2A.Subdivision or Combination of Stock. If and whenever after the Date of Issuance the Company at any time subdivides (by any stock split, stock dividend, recapitalization or otherwise) its outstanding shares of Common Stock, then the Exercise Price in effect immediately prior to such subdivision shall be proportionately reduced and the number of Warrant Shares obtainable upon exercise of this Warrant shall be proportionately increased. If the Company at any time combines (by reverse stock split or otherwise) its outstanding shares of Common Stock, then the Exercise Price in effect immediately prior to such combination shall be proportionately increased and the number of Warrant Shares obtainable upon exercise of this Warrant shall be proportionately decreased.

2B.Reorganization, Reclassification, Consolidation, Merger or Sale.  Any recapitalization, reorganization, reclassification, consolidation, merger, sale of all or substantially all of the Company’s assets or other transaction, which in any case is effected in such a way that the holders of its outstanding shares of Common Stock are entitled to receive (either directly or upon subsequent liquidation) stock, securities or assets with respect to or in exchange for such Common Stock, is referred to herein as an “Organic Change.” Prior to the consummation of any Organic Change, the Company shall make appropriate provision (in form and substance reasonably satisfactory to the Registered Holder of this Warrant) to ensure that the Registered Holder of this Warrant shall thereafter have the right to acquire and receive, in lieu of or in addition to (as the case may be) the Warrant Shares immediately theretofore obtainable and receivable upon the exercise of this Warrant, such shares of stock, securities or assets as would have been issued or payable in such Organic Change (if the Registered Holder had exercised this Warrant immediately prior to the Organic Change) with respect to or in exchange for the number of Warrant Shares immediately theretofore acquirable and receivable upon exercise of this Warrant had such Organic Change not taken place.

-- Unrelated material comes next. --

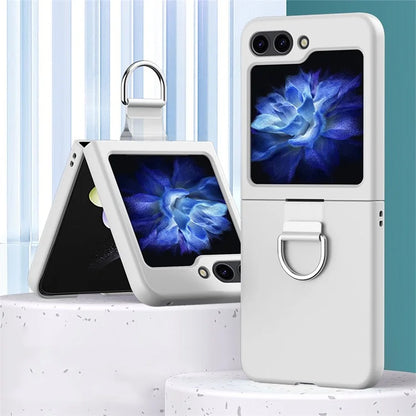 For Samsung Galaxy Z Flip6 5G Hard PC Case Metal Ring Holder Anti-Slip Skin-Touch Phone Cover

In any such case, the Company shall make appropriate provision (in form and substance satisfactory to the Registered Holder of this Warrant) with respect to the Registered Holder’s rights and interests to ensure that the provisions of this Section 2 and Section 3 hereof shall thereafter be applicable to this Warrant and to such shares, securities and/or assets to be distributed. The Company shall not affect any such consolidation, merger or sale, unless prior to the consummation thereof, the successor entity (if other than the Company) resulting from consolidation or merger or the entity purchasing such assets assumes by written instrument (in form and substance satisfactory to the Registered Holder of this Warrant), the obligation to deliver to the Registered Holder such shares of stock, securities or assets as, in accordance with the foregoing provisions, such holder may be entitled to acquire.

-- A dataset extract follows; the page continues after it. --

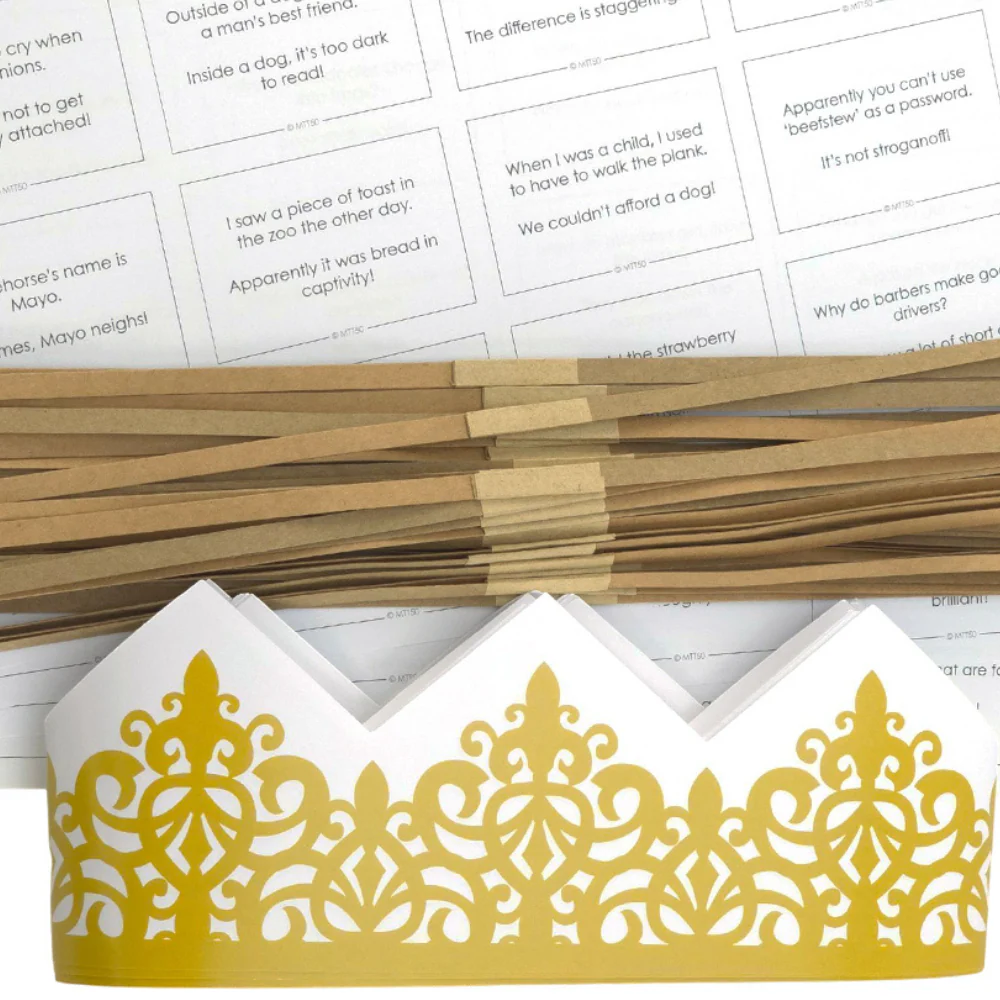 Gold Adjustable Paper Hats, Jokes and Cracker Snaps | DIY Cracker Accessory Pack - Image 4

2C.Certain Events. If any event occurs of the type contemplated by the provisions of this Section 2 but not expressly provided for by such provisions, then the Company’s board of directors shall make an appropriate adjustment in the Exercise Price and an appropriate adjustment in the number of Warrant Shares obtainable upon exercise of this Warrant so as to protect the rights of the holders of this Warrant.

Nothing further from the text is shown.